Perceptual and Semantic Contributions to Repetition Priming of Environmental Sounds

Marzia De Lucia1, Luca Cocchi2,3, Roberto Martuzzi4, Reto A. Meuli4, Stephanie Clarke5 and Micah M. Murray1,4,5

1 Electroencephalography Brain Mapping Core, Center for Biomedical Imaging, Centre Hospitalier Universitaire Vaudois and University of Lausanne, 1011 Lausanne, Switzerland, 2 Institute of Psychology, University of Lausanne, 1005 Lausanne, Switzerland, 3 Melbourne Neuropsychiatry Centre, University of Melbourne, 3053 Melbourne, Australia, 4 Radiology Service, 5 Neuropsychology and Neurorehabilitation Service, Centre Hospitalier Universitaire Vaudois and University of Lausanne, 1011 Lausanne, Switzerland

Address correspondence to Marzia De Lucia, Radiology-CHUV, BH 07 081 1, Rue Bugnon 46, 1011 Lausanne, Switzerland. Email: marzia.de-lucia{at}hospvd.ch.

Repetition of environmental sounds, like their visual counterparts, can facilitate behavior and modulate neural responses, exemplifying plasticity in how auditory objects are represented or accessed. It remains controversial whether such repetition priming/suppression involves solely plasticity based on acoustic features and/or also access to semantic features.

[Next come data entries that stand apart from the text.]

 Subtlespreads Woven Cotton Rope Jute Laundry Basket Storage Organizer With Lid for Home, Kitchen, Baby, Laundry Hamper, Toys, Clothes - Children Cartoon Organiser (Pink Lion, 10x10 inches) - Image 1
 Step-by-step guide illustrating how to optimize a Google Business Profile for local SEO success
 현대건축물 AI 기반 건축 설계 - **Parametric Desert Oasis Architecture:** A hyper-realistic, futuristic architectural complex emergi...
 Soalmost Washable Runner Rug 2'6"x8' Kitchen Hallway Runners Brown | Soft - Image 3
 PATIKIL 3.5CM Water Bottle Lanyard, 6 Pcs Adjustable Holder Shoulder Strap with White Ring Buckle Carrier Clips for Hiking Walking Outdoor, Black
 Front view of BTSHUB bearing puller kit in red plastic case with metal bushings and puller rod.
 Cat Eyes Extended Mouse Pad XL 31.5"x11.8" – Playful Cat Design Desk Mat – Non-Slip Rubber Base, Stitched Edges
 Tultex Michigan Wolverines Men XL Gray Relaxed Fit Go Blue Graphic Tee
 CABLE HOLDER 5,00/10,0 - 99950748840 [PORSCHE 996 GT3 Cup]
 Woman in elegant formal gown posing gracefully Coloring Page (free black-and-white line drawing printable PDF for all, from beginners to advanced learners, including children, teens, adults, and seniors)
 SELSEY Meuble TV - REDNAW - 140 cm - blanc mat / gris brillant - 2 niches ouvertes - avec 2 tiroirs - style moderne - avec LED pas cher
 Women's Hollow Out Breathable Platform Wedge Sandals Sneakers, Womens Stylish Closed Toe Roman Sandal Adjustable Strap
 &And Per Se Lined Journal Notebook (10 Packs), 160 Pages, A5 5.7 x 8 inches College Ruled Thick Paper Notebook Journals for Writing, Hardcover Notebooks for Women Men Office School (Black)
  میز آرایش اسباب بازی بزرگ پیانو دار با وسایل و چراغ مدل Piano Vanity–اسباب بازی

To evaluate contributions of physical and semantic features in eliciting repetition-induced plasticity, the present functional magnetic resonance imaging (fMRI) study repeated either identical or different exemplars of the initially presented object; reasoning that identical exemplars share both physical and semantic features, whereas different exemplars share only semantic features. Participants performed a living/man-made categorization task while being scanned at 3T. Repeated stimuli of both types significantly facilitated reaction times versus initial presentations, demonstrating perceptual and semantic repetition priming. There was also repetition suppression of fMRI activity within overlapping temporal, premotor, and prefrontal regions of the auditory "what" pathway. Importantly, the magnitude of suppression effects was equivalent for both physically identical and semantically related exemplars. That the degree of repetition suppression was irrespective of whether or not both perceptual and semantic information was repeated is suggestive of a degree of acoustically independent semantic analysis in how object representations are maintained and retrieved.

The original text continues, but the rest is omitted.